O bom, o mau e o déjà-vu
Passada mais de uma década de governação do JPP, a boa nova anunciada por Élia Ascensão em 2025, não é um bairro, não são apartamentos, não é sequer a primeira pedra de coisa alguma
O bom: Eduardo Jesus
A roda já foi inventada. E isso é, quase sempre, um facto reconfortante. O turismo e os desafios que o seu crescimento impõe não escapam a essa regra. A Madeira não é a primeira, nem será a última região do mundo, a enfrentar o desafio de equilibrar o crescimento do número de visitantes com a necessidade de preservar o objeto da visita. Há modelos estudados e experiências acumuladas noutras paragens que provam que organizar o acesso à natureza não é um retrocesso, mas um ato de gestão responsável.

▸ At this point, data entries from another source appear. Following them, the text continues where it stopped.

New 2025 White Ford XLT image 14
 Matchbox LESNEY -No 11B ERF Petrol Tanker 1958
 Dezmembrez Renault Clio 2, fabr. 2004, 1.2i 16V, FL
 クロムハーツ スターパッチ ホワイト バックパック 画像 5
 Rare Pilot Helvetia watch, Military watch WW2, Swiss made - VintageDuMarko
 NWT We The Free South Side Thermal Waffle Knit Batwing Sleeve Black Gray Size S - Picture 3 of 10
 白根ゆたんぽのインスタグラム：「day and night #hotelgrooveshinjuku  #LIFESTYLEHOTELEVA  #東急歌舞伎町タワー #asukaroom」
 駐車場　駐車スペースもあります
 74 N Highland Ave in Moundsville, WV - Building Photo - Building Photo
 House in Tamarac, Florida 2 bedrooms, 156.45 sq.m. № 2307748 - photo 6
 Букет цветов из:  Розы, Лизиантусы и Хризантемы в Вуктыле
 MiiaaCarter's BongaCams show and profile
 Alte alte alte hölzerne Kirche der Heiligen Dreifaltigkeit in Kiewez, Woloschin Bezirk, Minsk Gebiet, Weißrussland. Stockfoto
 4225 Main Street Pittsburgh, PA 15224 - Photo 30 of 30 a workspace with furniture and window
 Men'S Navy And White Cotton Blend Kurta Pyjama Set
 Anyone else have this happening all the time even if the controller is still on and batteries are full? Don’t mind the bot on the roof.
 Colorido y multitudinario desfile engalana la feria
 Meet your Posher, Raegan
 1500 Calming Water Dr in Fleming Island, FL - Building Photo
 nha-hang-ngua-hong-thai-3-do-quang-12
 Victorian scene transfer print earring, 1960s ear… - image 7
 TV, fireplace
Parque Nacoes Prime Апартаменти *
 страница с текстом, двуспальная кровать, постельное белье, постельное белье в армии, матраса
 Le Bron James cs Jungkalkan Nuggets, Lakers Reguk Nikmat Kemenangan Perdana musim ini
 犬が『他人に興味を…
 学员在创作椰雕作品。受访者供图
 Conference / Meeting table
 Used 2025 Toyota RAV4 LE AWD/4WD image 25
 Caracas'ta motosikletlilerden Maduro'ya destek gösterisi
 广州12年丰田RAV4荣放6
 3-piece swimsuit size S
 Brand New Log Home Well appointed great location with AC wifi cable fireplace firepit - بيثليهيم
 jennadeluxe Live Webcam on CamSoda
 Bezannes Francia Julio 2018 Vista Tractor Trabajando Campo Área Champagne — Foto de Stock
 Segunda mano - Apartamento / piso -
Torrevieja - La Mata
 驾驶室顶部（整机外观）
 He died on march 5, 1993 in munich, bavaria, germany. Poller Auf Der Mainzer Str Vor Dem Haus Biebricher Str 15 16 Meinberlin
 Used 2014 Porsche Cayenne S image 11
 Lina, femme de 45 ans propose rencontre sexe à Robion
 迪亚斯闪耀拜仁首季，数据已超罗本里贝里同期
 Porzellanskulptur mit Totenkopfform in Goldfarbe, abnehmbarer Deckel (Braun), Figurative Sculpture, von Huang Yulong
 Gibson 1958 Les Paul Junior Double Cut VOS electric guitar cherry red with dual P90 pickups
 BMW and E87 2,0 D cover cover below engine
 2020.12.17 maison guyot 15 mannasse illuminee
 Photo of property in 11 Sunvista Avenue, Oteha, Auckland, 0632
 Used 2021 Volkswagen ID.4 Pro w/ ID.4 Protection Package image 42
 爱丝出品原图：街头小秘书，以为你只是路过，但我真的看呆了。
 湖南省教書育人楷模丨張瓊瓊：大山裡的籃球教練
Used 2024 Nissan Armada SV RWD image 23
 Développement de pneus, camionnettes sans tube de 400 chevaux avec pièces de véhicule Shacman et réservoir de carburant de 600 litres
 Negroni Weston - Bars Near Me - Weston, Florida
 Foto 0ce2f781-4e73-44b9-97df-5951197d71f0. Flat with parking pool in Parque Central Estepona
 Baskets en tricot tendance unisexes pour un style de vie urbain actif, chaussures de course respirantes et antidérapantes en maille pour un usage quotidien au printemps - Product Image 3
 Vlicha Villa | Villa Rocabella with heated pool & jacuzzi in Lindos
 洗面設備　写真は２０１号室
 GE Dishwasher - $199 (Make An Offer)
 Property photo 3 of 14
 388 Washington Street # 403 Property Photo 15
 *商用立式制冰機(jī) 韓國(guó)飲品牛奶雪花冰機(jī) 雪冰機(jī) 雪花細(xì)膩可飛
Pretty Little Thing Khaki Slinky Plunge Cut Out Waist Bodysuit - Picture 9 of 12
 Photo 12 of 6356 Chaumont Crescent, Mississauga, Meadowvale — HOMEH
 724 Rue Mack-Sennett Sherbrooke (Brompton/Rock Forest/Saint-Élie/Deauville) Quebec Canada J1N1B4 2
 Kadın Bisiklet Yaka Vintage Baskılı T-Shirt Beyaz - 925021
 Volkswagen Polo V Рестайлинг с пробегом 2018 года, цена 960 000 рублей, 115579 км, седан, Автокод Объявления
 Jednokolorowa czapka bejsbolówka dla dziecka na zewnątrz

É neste equilíbrio de vontades, por vezes difícil de comunicar e ainda mais de justificar, que se deve ler a decisão anunciada esta semana por Eduardo Jesus. A definição de cargas máximas nos percursos recomendados, a necessidade de registo prévio e a distribuição de vagas de acesso não são medidas isoladas, mas decisões integradas numa estratégia que quer transformar a inegável pressão turística num fluxo sustentável. O propósito não é ceder à tentação populista de travar o turismo, mas de evitar que a sua desregulação prejudique a experiência de quem nos visita, dificulte a vida de quem aqui vive e ponha em causa a sustentabilidade do destino. Se a isto juntarmos o critério científico dado pelas métricas do Observatório de Turismo da UMa, a justa isenção de pagamento para residentes e a criação de seis parques individualizados, com gestão própria e estacionamento reorganizado, torna-se evidente que o turismo não é um problema, é só um desafio de gestão e planeamento. E talvez seja esta a primeira prova concreta de que juntar o Ambiente à tutela do Turismo não se tratou de simples reorganização governativa, mas uma aposta política com resultados.
O mau: Élia Ascensão
Doze longos anos depois, as medidas de habitação chegaram a Santa Cruz. Passada mais de uma década de governação do JPP, a boa nova anunciada por Élia Ascensão em 2025, não é um bairro, não são apartamentos, não é sequer a primeira pedra de coisa alguma. A nova presidente apresentou uma carta municipal, que nasce de uma estratégia, que, por sua vez, aguarda a revisão da própria estratégia, que dependerá do futuro plano de mobilidade (que também ainda não existe), o qual terá de alinhar com o PDM, que está a ser revisto para acomodar tudo o que ainda está por criar. É uma estafante matrioska administrativa, onde dos documentos brotam outros documentos, todos por criar, mas todos fundamentais. Em Santa Cruz, papel há muito, casas é que nem vê-las. Mas se dúvidas havia quanto à distância entre o que anuncia a Câmara Municipal e a realidade de Santa Cruz, é a própria Élia Ascensão a explicar. Nas palavras da presidente, é preciso “fazer um retrato, um mapeamento, (…) um diagnóstico”. Ora, 12 anos depois, a Câmara propõe-se ir ao terreno para - imagine-se - descobrir o concelho que governa. Para cumprir tão nobre, ainda que inusitada, missão, serão enviadas equipas para o terreno para encontrar respostas para perguntas tão básicas que fariam qualquer governante corar de vergonha. Há casas? Há terrenos? Há bairros sociais? Existem muitos edifícios degradados? O Município dispõe de habitação municipal? É um inquérito aceitável para quem acaba de chegar ao cargo, não para quem lá está desde 2013. E perante este rol de ignorância política e administrativa, resta acrescentar uma pergunta verdadeiramente útil ao inquérito: o que andou Élia Ascensão a fazer na Câmara nos últimos doze anos?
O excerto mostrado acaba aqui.